And Queen Victoria, in her long reign, saw no fewer than eight attempts on her life – including three occasions when pistols were fired at her from close range (but missed), and another attempt when she was battered with an iron tipped cane, leaving her with a black eye.

European royals were much less lucky. In 1898 the eccentric Austrian Empress Elisabeth ‘Sissi’ – the subject of the current movie biopic Corsage – was fatally stabbed by an Italian anarchist as she boarded a ferry on Lake Geneva. Elisabeth was travelling incognito and without protection when she was attacked.

Two years later, in 1900, another anarchist assassinated King Umberto I of Italy at Monza. In 1908, Republican revolutionaries shot and killed both King Carlos I of Portugal and his son and heir Prince Luis Felipe as they drove through Lisbon. Both Umberto and the Portuguese royals were riding in open carriages when they died. In 1913, King George I of Greece was shot dead by a lone gunman as he strolled unprotected through Thessaloniki on his afternoon constitutional.

One of the most infamous royal assassinations took place in 1914, when the heir to the Austrian throne, Archduke Franz Ferdinand, and his wife Sophie were shot dead in their car by Serb nationalist Gavrilo Princip as they drove through the Bosnian capital, Sarajevo. The assassination led directly to the first world war and the collapse of monarchies in Russia, Austria-Hungary and Germany.

The inter-war period saw no let-up in the death toll of Europe’s monarchs. In 1934, King Alexander of Yugoslavia was shot dead in an open-top car – along with the French foreign minister, Louis Barthou – in Marseilles after arriving on a state visit to France. The assassin, who was beaten to death on the spot, was a professional hitman in the pay of Croatian fascists. Alexander’s killing was the first assassination to be captured on newsreel film.

Back in Britain in 1936, during Edward VIII’s brief reign, the new king escaped unharmed in an incident (which remains, to this day, mysterious) when a malcontent named George McMahon threw a loaded pistol at him as he rode on horseback through Hyde Park during a Trooping the Colour ceremony.

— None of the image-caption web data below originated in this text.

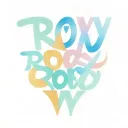 Roxy written in bold letters tattoo design idea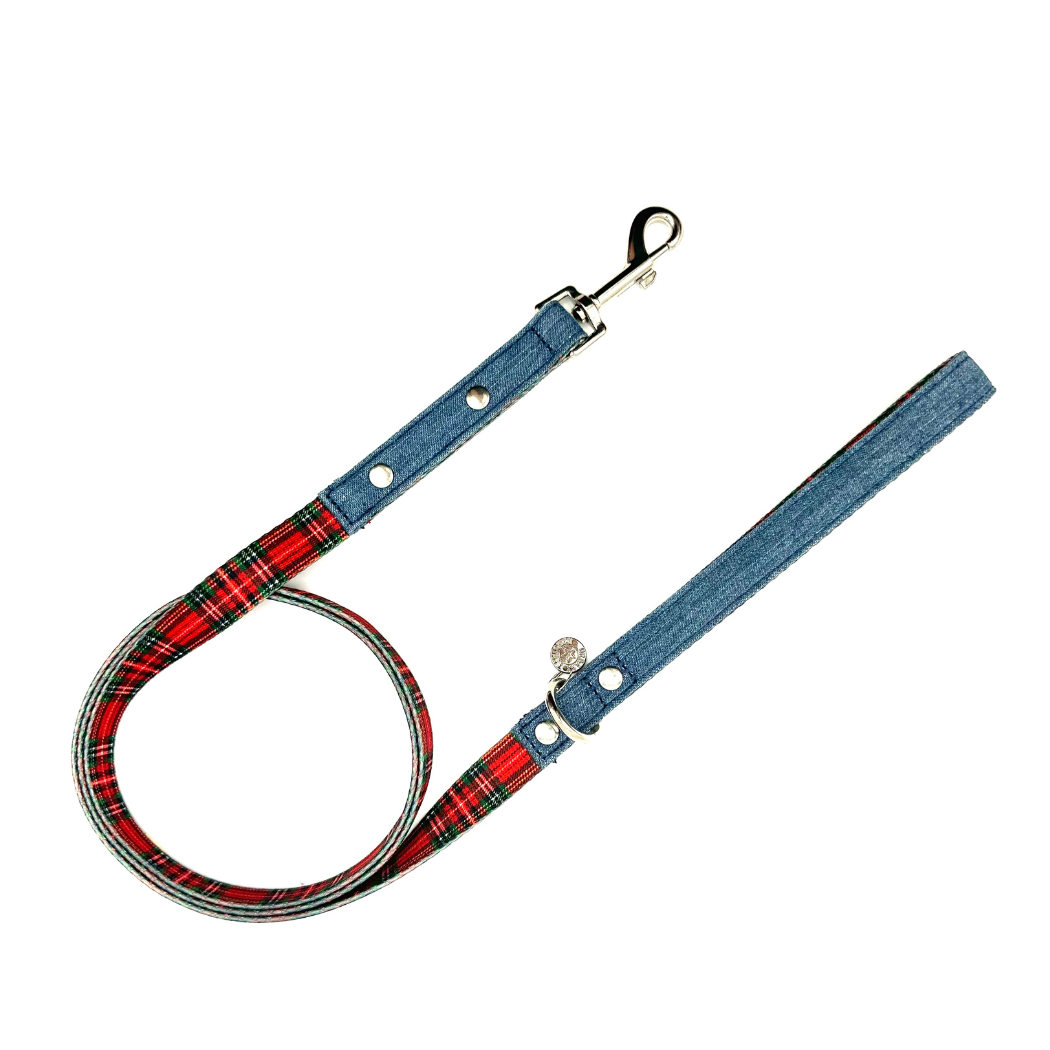 Urban Dog Stars Swag Leash - Red Plaid & Denim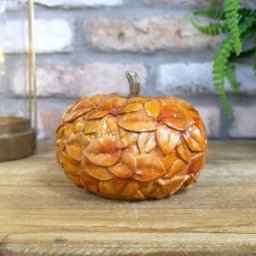 Small Orange Leaf Detail Pumpkin Ornament Material: Home Decor & Accessories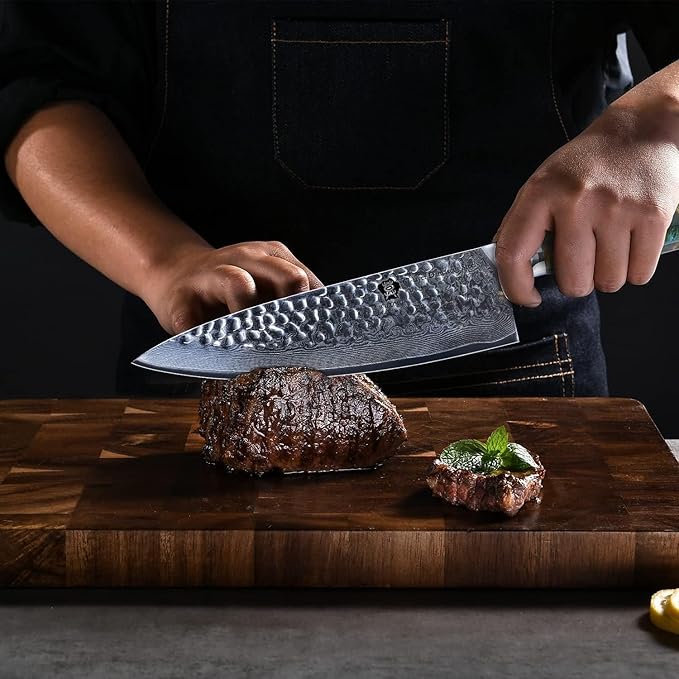 WILDMOK Chef Knife,8 inch Damascus Japanese kitchen knives,VG10 Steel&Resin Handle Chef Knife,Hammered Finish chef's knives,Japanese damascus knife Including Gift Box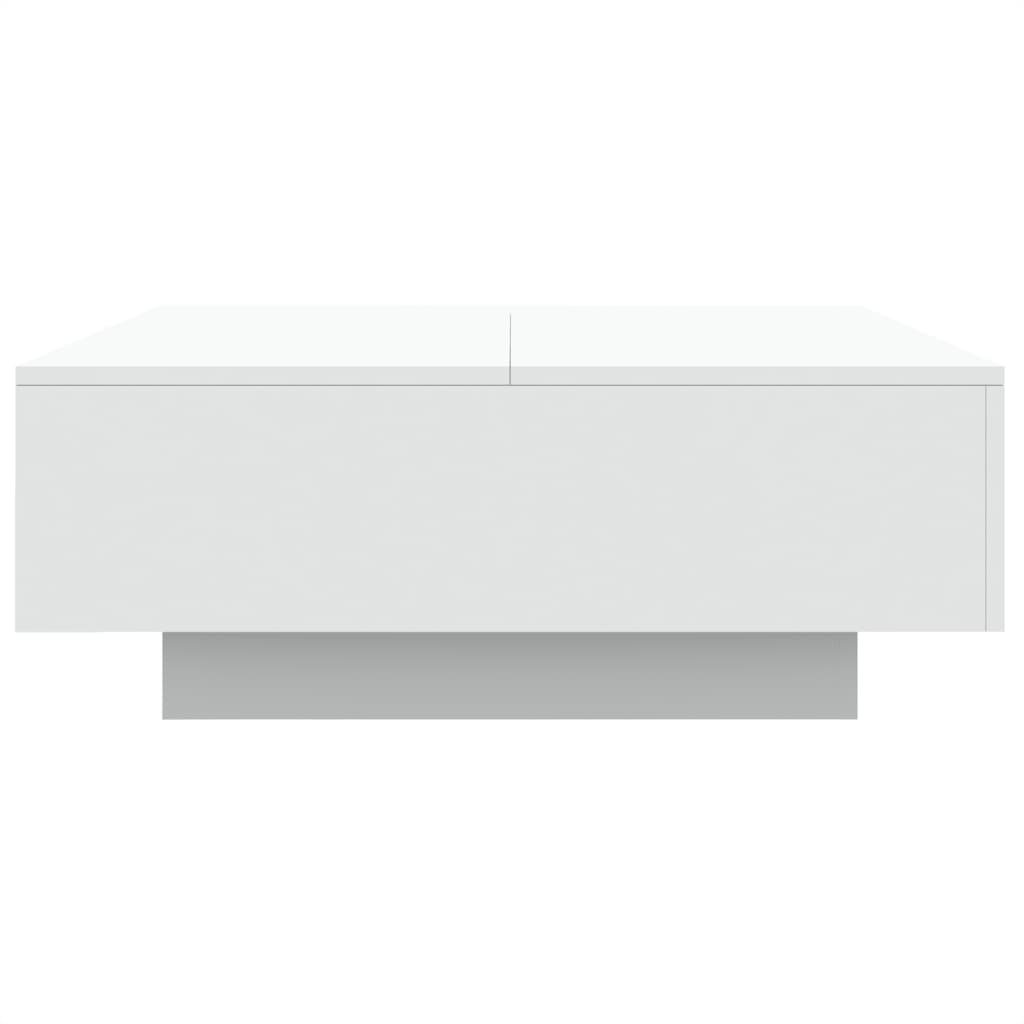 Kavos staliukas su LED lemputėmis, baltos spalvos, 80x80x31cm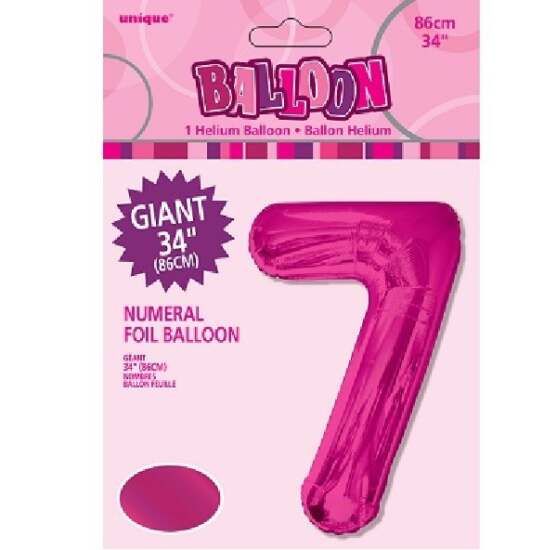 34" Pink Foil Number 7 Helium Balloon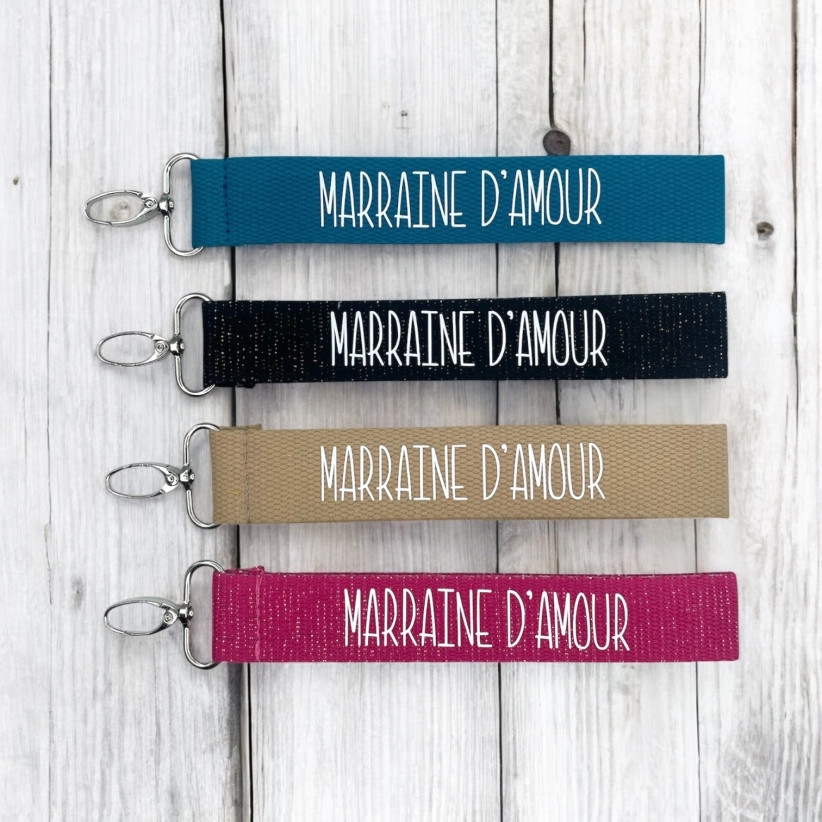 Porte clés sangle, "Marraine d'amour"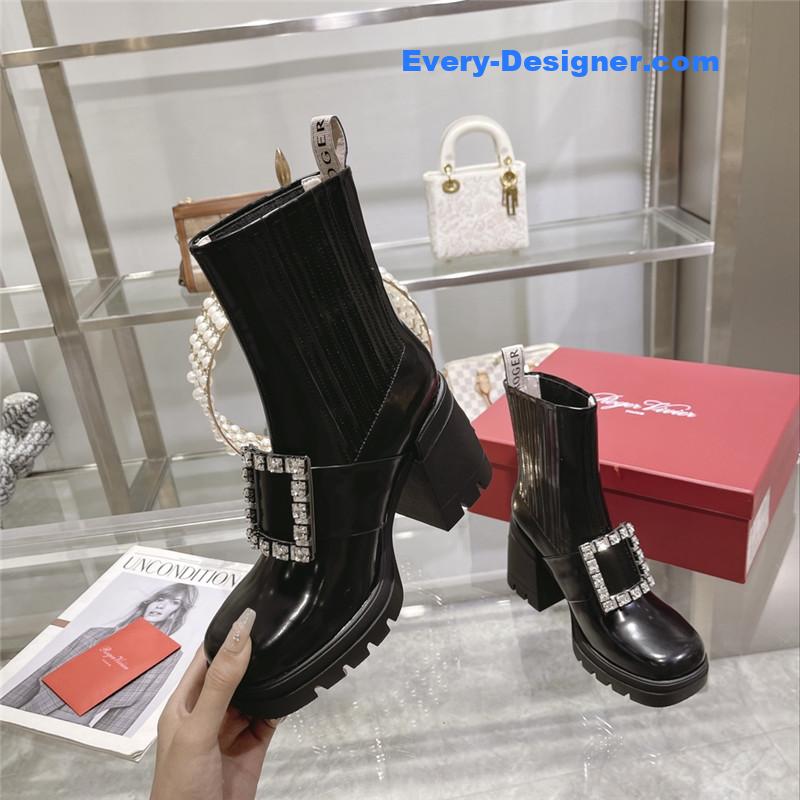 roger u1u1er autumn and winter new high-heeled ankle boots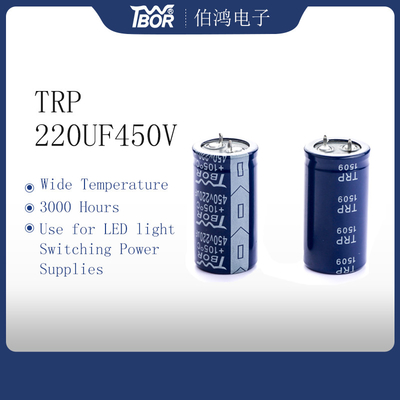 TRP 220uF 450V Geçmeli Kondansatör 30x35mm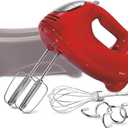 Hamilton Beach 6-Speed Electric Hand Mixer with Whisk, Traditional Beaters, Dough Hooks, Snap-On Storage Case, 275 Watts, Red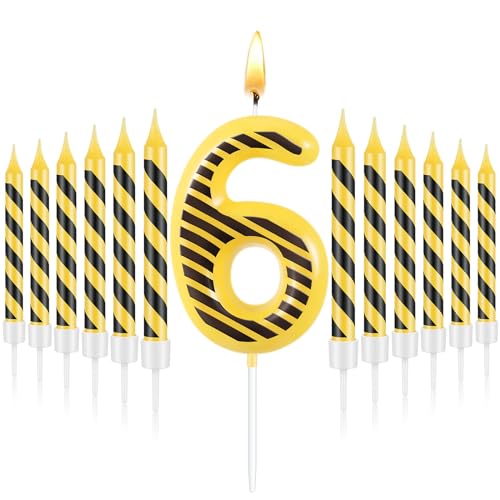 Threlaco 13 Pcs Construction Themed Birthday Candles Set, 12 Yellow and Black Striped Candle and 1 Number Candle Cake Topper for Construction Party Decoration Baby Shower Party Supplies (Number 6)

What this long litany of near misses and successful hits shows is that kings and queens – simply by virtue of the positions they were born to – are constant moving targets for assassins motivated by malice, madness or misplaced political ideology. In Britain, where the monarchy is increasingly open and informal, King Charles will not want to withdraw behind high walls and heavy security screens. But unless he does so, he and his family will remain vulnerable to someone armed with an item more lethal than an egg.